Listed entries Start Marker
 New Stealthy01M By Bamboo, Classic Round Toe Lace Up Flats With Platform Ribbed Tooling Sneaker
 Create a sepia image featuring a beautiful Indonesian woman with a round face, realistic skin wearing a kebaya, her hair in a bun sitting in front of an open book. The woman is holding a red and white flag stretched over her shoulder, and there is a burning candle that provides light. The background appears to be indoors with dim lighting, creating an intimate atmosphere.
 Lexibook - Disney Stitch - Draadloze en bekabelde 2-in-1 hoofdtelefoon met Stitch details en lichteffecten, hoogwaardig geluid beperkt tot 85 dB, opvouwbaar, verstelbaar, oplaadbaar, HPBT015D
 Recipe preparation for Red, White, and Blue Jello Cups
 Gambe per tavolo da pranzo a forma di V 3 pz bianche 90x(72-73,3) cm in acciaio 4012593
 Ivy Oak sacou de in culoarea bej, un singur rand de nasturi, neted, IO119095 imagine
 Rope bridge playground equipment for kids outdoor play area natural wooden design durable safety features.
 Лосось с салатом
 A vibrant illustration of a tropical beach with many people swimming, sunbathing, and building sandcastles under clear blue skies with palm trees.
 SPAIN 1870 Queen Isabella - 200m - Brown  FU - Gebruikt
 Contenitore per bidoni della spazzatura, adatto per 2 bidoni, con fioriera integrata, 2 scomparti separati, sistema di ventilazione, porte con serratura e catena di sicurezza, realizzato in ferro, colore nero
Listed entries End Marker
• Task prompt: Each line from the first line of the entries up to and including the line containing "Create a sepia" should be transcribed exactly, with all other lines left out.

• Solution for this task:
 New Stealthy01M By Bamboo, Classic Round Toe Lace Up Flats With Platform Ribbed Tooling Sneaker
 Create a sepia image featuring a beautiful Indonesian woman with a round face, realistic skin wearing a kebaya, her hair in a bun sitting in front of an open book. The woman is holding a red and white flag stretched over her shoulder, and there is a burning candle that provides light. The background appears to be indoors with dim lighting, creating an intimate atmosphere.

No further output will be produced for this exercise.